Both the American Heart Association/American College of Cardiology (AHA/ACC) and European Society of Cardiology (ESC) issued new guidelines on valvular heart disease in 2020 and 2021, respectively. The AHA/ACC guidelines recommend use of mechanical values in patients younger than 50 years, bioprosthetic valves in patients older than 65 years, and surgeon/patient choice for patients aged between 50 and 65 years, while the ESC guidelines recommend a mechanical valve in patients younger than 60 years and bioprosthetic in patients older than 65 years [19, 20]. Both AHA and ESC guidelines have been based on two randomized controlled trials from the 1970s and 1980s, as well as a more recent randomized trial and some observational studies [17, 21,22,23]. Despite having been published within 1 year, the subtle difference of recommendation by age reflects the ongoing uncertainty associated with valve replacement in non-elderly patients [17]. AHA/ACC has given the Ross procedure a class IIb recommendation in both the 2017 and 2020 guidelines, whereas the ESC now acknowledge Ross as an alternative therapy in select patients after failing to acknowledge Ross as a surgical option in their 2017 guidelines [19, 20]. To date, the Canadian Cardiovascular Society remains the only other society with a recommendation to consider Ross in non-elderly patients undergoing AVR [24].

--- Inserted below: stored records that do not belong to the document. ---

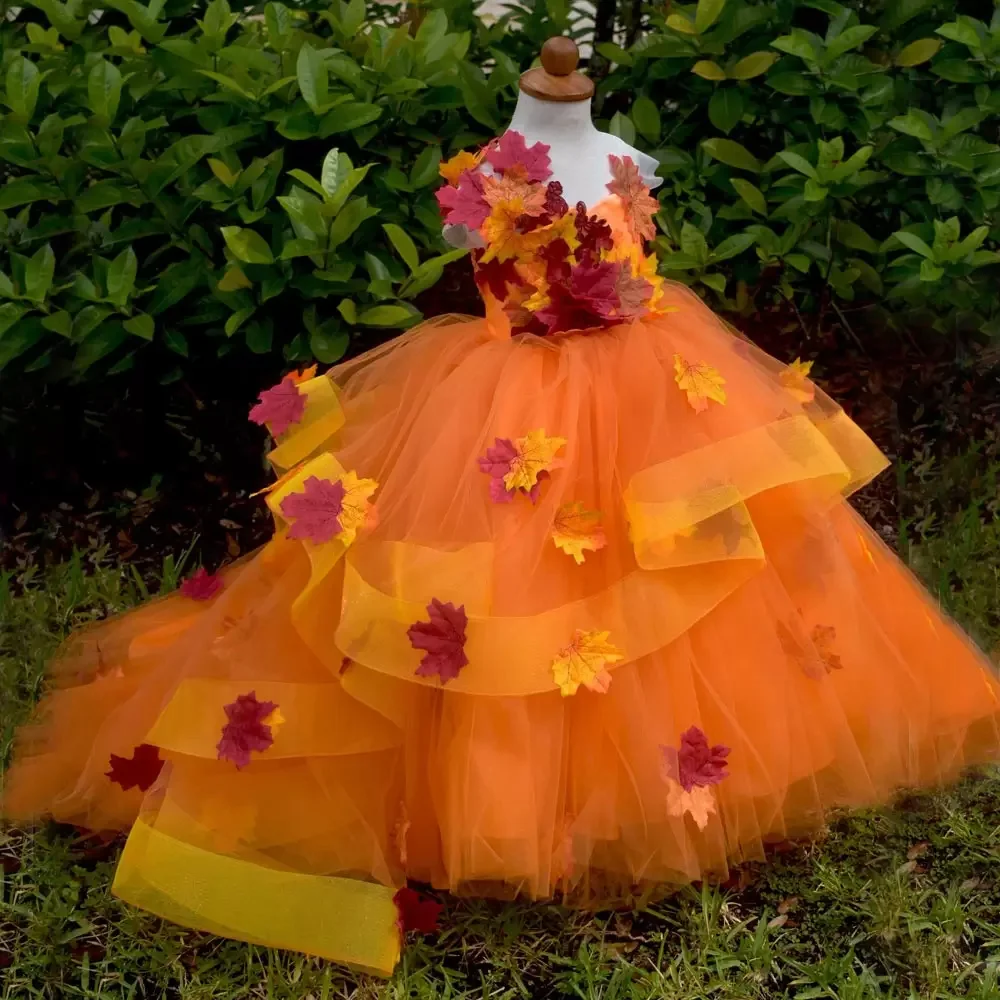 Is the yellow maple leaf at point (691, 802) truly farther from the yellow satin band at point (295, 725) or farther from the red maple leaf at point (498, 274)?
the red maple leaf at point (498, 274)

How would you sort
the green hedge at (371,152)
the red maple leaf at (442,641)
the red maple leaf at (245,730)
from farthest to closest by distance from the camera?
the green hedge at (371,152)
the red maple leaf at (245,730)
the red maple leaf at (442,641)

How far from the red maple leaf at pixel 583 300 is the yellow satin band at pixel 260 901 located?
2.55 ft

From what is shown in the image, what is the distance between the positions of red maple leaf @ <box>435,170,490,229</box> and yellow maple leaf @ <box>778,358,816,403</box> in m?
0.51

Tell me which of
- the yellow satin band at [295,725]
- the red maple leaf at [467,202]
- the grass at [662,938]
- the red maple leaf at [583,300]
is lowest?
the grass at [662,938]

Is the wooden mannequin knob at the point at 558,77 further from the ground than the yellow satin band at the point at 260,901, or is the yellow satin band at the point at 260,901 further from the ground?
the wooden mannequin knob at the point at 558,77

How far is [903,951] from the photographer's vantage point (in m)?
1.40

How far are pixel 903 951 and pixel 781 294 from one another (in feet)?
4.50

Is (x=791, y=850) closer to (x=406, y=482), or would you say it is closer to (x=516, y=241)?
(x=406, y=482)

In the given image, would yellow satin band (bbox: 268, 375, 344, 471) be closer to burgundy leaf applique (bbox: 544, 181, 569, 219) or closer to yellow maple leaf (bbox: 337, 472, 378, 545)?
yellow maple leaf (bbox: 337, 472, 378, 545)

Since publication of the 2017 AHA/ACC and ESC guidelines, a study by Goldstone et al. comparing biologic vs. mechanical prostheses reported considerable mortality amongst valve recipients aged 45–54 (30.6% vs. 26.4% over 17 years, respectively), challenging decades of prior research and concluding that the marginal mortality benefits in younger patients who receive mechanical valves are significantly outweighed by higher rates of bleeding and stroke [25]. They additionally note that evidence regarding prosthesis selection had previously assumed equal mortality; however, their results conclude that most prior studies were likely underpowered to detect any clinically relevant differences within populations [25]. In 2018, Mazine et al. published the most up-to-date systematic review and meta-analysis comparing Ross and mAVR [6]. They report that compared to patients who underwent mAVR, patients who received a Ross had a 46% reduction in all-cause mortality (p = 0.04) and a lower incidence of valve- or cardiac-related mortality (0.04% vs. 0.09%, p = 0.04). The rates of perioperative mortality were not statistically significant between groups (p =0.36); however, Ross was noted to have a lower incidence of postoperative heart block requiring permanent pacemaker implantation (p = 0.04), and lower rates of stroke (p = 0.02) and major bleeding (p < 0.001) at follow-up. Ross was additionally associated with improved quality of life and hemodynamics, as well as higher scores within the subdomains of bodily pain, social functioning, and mental health, which they attributed to a combination of alleviation of the need for chronic anticoagulation and a pulmonary autograft with innate biologic properties capable of performing native root functionality. Their findings overall were congruent with numerous contemporary studies all demonstrating favorable data in support of Ross [6, 17, 26,27,28,29,30,31,32,33,34].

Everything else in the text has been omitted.